■ **EXERCISE**
Within the records below, reproduce without change the lines from the line that has "Hermes Kelly 32" through the line that has "HOMCOM Lat Pull", and only those.

■ **TASK MATERIAL**
****************
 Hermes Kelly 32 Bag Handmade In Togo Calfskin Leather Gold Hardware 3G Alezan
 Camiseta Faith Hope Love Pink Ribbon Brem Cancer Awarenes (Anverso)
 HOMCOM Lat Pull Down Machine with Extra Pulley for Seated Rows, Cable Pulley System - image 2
****************
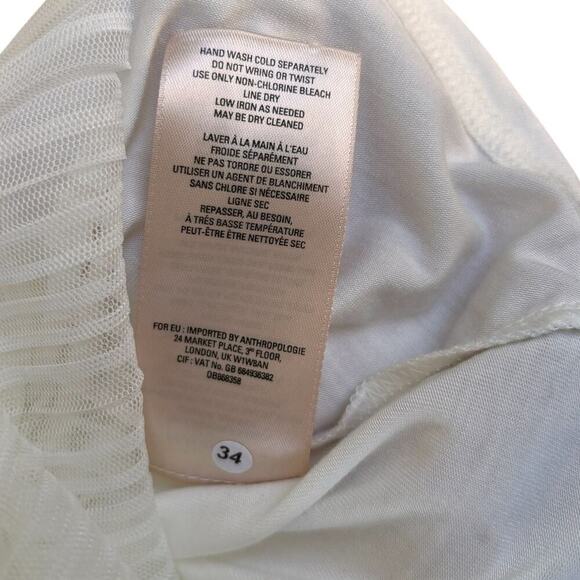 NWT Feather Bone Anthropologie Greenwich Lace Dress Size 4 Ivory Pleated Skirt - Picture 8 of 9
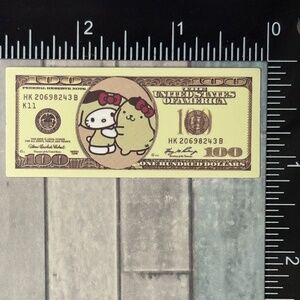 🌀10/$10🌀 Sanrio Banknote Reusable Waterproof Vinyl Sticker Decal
****************
■ **RESULT**
 Hermes Kelly 32 Bag Handmade In Togo Calfskin Leather Gold Hardware 3G Alezan
 Camiseta Faith Hope Love Pink Ribbon Brem Cancer Awarenes (Anverso)
 HOMCOM Lat Pull Down Machine with Extra Pulley for Seated Rows, Cable Pulley System - image 2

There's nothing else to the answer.